Given information =
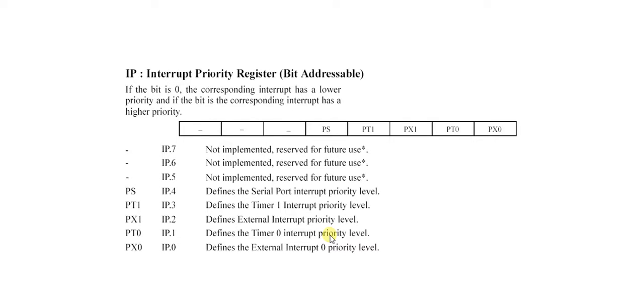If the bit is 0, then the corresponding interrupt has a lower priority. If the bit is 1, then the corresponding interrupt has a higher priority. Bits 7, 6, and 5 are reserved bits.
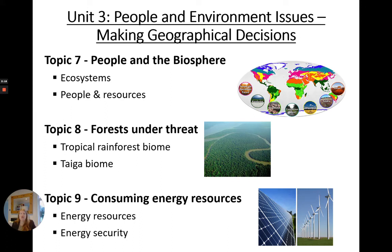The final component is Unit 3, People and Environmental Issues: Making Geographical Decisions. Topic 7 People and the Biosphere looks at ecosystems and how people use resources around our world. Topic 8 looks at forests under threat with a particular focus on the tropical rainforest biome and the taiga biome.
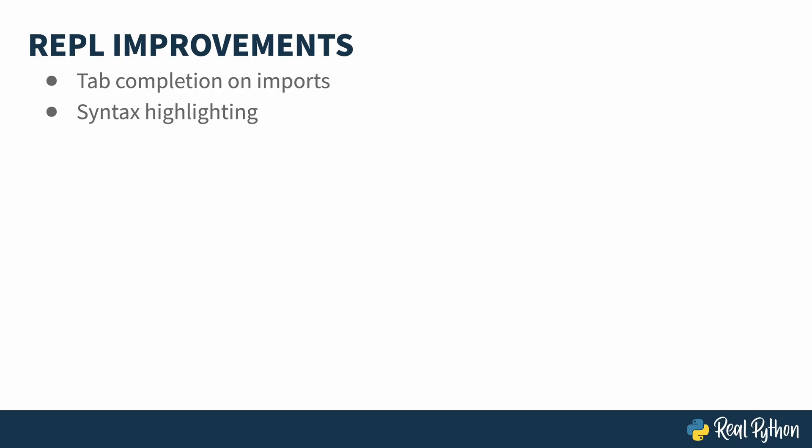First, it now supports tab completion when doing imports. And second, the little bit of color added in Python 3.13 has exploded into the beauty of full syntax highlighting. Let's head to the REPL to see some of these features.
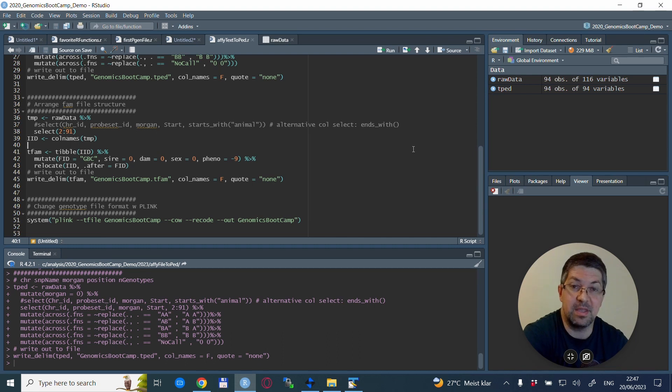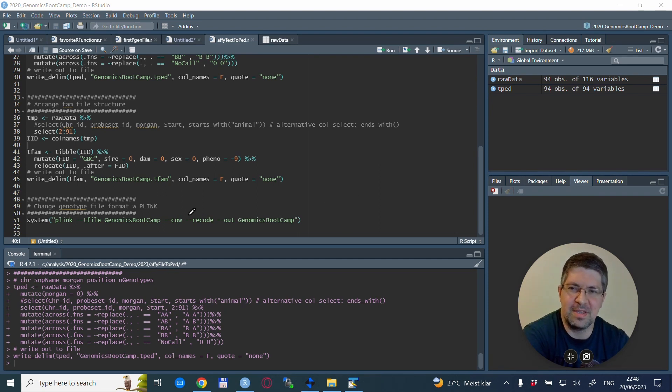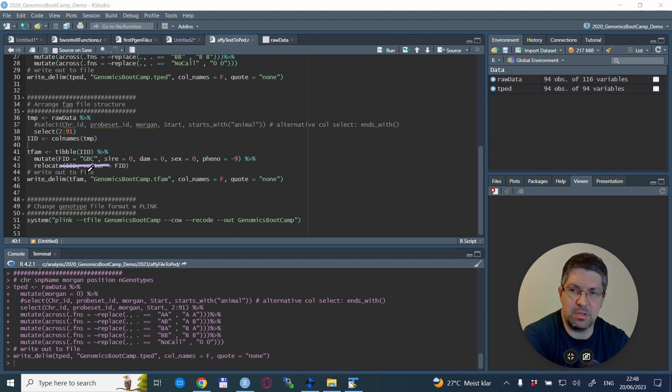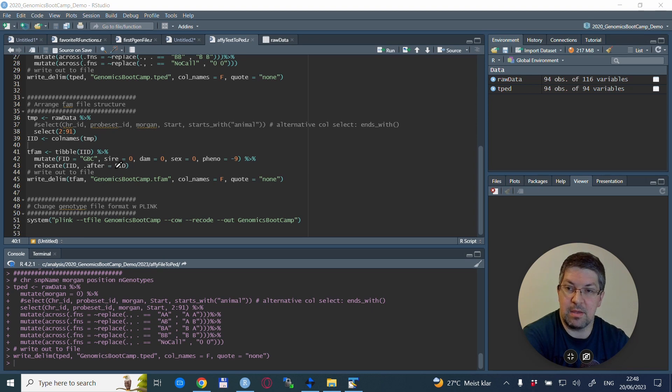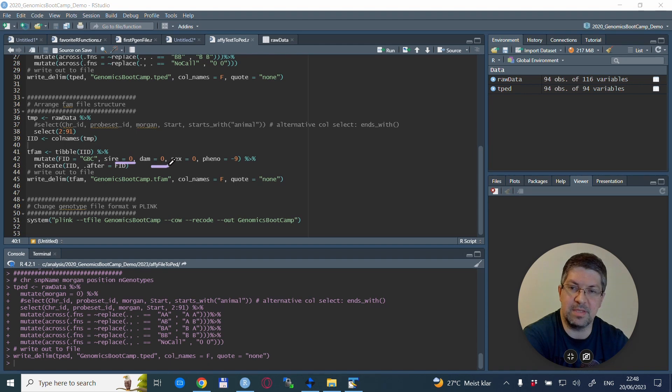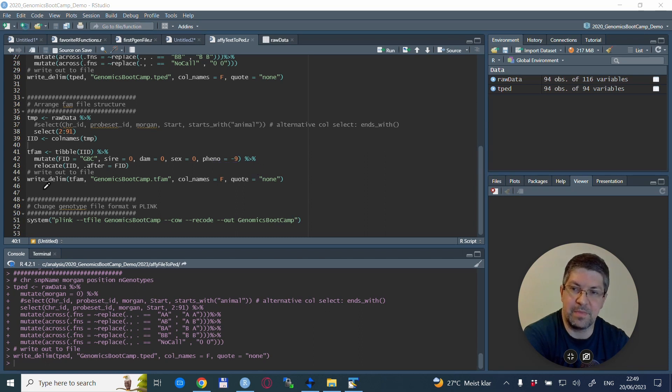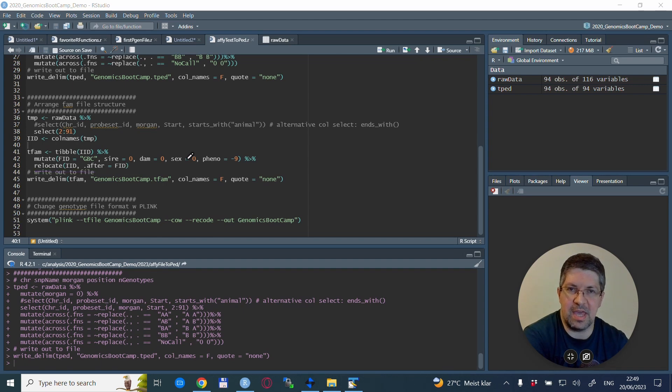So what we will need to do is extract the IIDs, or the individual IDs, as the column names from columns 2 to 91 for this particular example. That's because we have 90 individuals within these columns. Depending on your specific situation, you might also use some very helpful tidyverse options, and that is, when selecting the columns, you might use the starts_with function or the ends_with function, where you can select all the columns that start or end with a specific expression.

Task directions =
All that is needed is an exact copy of the lines from the line with "First, it now" through the end of the listing, both ends included, with no pictures.

Exercise result =
First, it now supports tab completion when doing imports. And second, the little bit of color added in Python 3.13 has exploded into the beauty of full syntax highlighting. Let's head to the REPL to see some of these features.
So what we will need to do is extract the IIDs, or the individual IDs, as the column names from columns 2 to 91 for this particular example. That's because we have 90 individuals within these columns. Depending on your specific situation, you might also use some very helpful tidyverse options, and that is, when selecting the columns, you might use the starts_with function or the ends_with function, where you can select all the columns that start or end with a specific expression.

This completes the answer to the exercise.